Secondary Structure Features (SSFs)

In LncDC, the RNAfold program is used for secondary structure prediction of RNA transcripts42. RNAfold uses dynamic programming to predict the secondary structure of an RNA transcript with the minimum free energy (MFE)47. The assumption is that when free energy becomes lower, the secondary structure of an RNA transcript becomes more stable. In RNAfold, the secondary structure of an RNA transcript is divided into different types of substructures, including hairpin loop, interior loop, bulge loop, multi loop, and stacking pairs. The free energy values of the substructures are different, and the free energy of an RNA secondary structure is the summation of the free energy of these substructures.
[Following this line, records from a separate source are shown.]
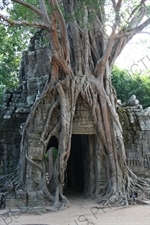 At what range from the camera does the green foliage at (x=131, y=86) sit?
14.7 meters

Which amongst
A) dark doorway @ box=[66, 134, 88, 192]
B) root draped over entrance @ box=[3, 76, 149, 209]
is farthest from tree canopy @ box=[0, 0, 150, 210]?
dark doorway @ box=[66, 134, 88, 192]

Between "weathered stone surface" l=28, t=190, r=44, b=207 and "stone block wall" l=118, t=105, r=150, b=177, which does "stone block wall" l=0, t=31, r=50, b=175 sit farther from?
"stone block wall" l=118, t=105, r=150, b=177

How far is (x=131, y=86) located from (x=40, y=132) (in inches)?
327

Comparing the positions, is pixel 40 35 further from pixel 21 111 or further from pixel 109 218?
pixel 109 218

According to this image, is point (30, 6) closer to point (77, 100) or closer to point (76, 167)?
point (77, 100)

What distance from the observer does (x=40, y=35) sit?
10.6m

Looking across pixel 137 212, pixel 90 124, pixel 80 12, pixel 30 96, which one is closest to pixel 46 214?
pixel 137 212

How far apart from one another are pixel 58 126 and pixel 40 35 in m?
4.32

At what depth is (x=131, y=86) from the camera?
15.0m

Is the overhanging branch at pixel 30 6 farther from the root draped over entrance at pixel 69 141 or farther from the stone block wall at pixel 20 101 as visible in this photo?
the stone block wall at pixel 20 101

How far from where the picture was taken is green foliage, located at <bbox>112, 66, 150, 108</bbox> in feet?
48.1

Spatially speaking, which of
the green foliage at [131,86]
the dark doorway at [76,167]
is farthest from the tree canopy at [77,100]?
the green foliage at [131,86]

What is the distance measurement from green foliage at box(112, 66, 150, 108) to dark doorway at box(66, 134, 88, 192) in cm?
482

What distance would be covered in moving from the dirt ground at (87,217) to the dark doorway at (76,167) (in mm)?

Finally, the most stable secondary structure of each RNA transcript is generated by RNAfold and used for downstream feature extraction.

  1. 10.

    MFE: MFE reveals the stability of a secondary structure. Lower MFE usually represents a more stable secondary structure. Evidence shows that mRNAs are more durable than lncRNAs, suggesting that they tend to have lower MFEs than lncRNAs40.

  2. 11.

    Paired ratio: Given the secondary structure of an RNA transcript, we will be able to know which nucleotides have Watson–Crick pairings and which nucleotides are unpaired. If an RNA transcript has a high paired ratio, its secondary structure will be more stable.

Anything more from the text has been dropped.